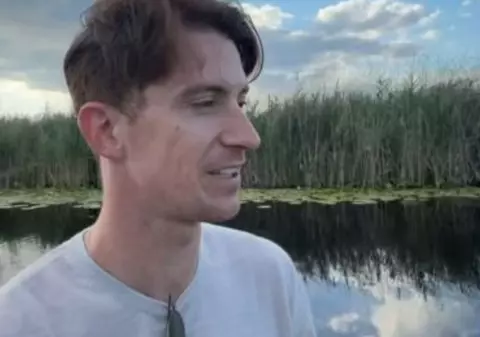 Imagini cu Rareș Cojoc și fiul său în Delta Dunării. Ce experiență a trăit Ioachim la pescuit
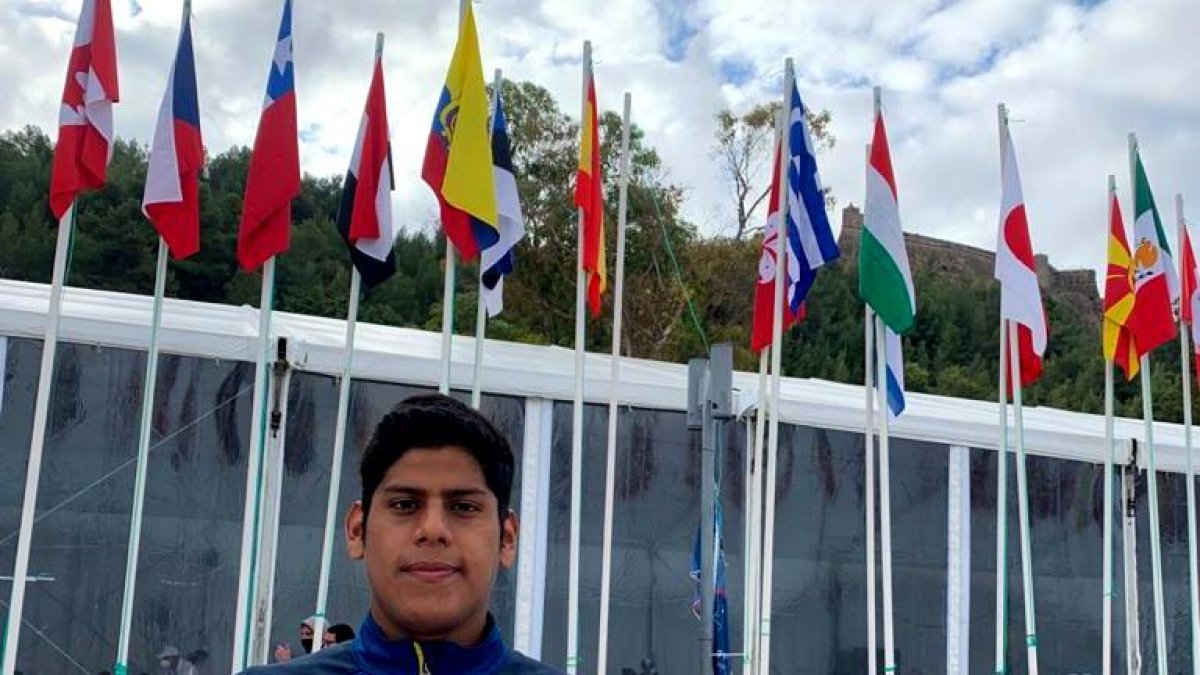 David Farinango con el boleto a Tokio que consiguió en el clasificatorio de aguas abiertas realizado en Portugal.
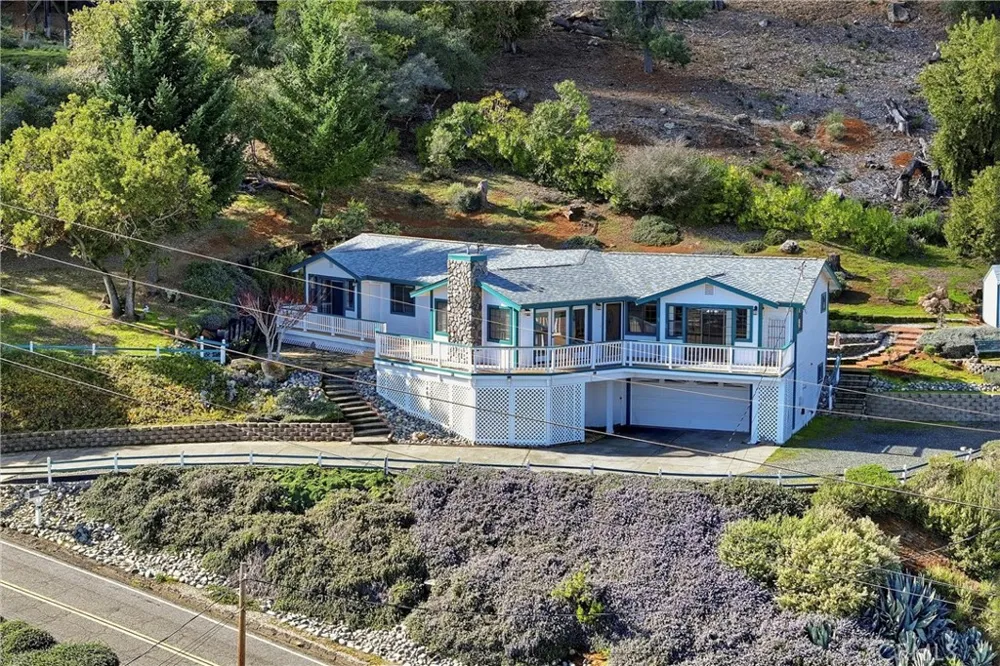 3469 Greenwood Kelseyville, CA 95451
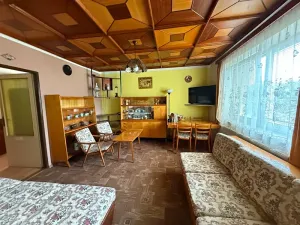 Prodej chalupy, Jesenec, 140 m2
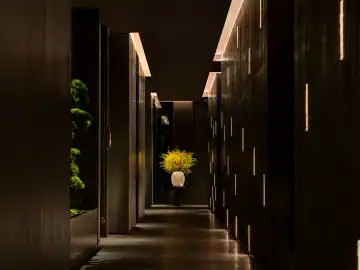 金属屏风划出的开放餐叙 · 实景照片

****

[What you will do]:
Once the pictures have been removed, reproduce each line of the material above exactly.

[Your response]:
 Imagini cu Rareș Cojoc și fiul său în Delta Dunării. Ce experiență a trăit Ioachim la pescuit
 David Farinango con el boleto a Tokio que consiguió en el clasificatorio de aguas abiertas realizado en Portugal.
 3469 Greenwood Kelseyville, CA 95451
 Prodej chalupy, Jesenec, 140 m2
 金属屏风划出的开放餐叙 · 实景照片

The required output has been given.